### WHAT IS NEEDED
From the listing below, please restate exactly the lines beginning at the one with "2 Teile kristallklares" and ending at the one with "1984 Rolex Datejust", both included, and skip the pictures.

### RECORDED INFORMATION
※ ※ ※
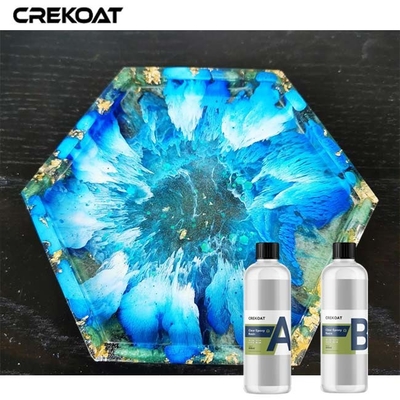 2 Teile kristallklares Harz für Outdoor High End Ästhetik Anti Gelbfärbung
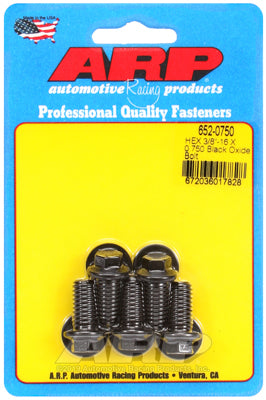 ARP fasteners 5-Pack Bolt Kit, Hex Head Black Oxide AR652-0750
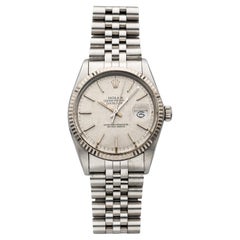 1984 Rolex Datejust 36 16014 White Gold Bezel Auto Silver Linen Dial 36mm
※ ※ ※
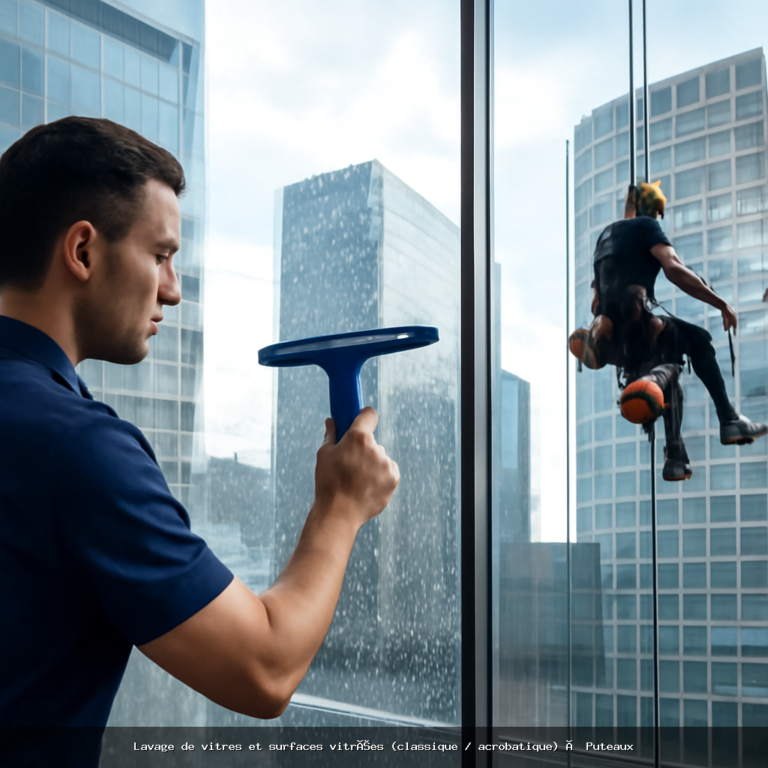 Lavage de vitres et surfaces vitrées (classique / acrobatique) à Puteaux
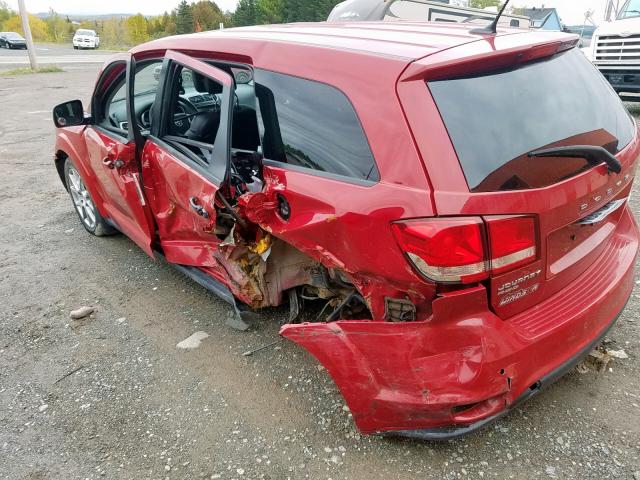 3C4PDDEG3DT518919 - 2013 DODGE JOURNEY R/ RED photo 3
※ ※ ※
### FINISHED EXERCISE
 2 Teile kristallklares Harz für Outdoor High End Ästhetik Anti Gelbfärbung
 ARP fasteners 5-Pack Bolt Kit, Hex Head Black Oxide AR652-0750
 1984 Rolex Datejust 36 16014 White Gold Bezel Auto Silver Linen Dial 36mm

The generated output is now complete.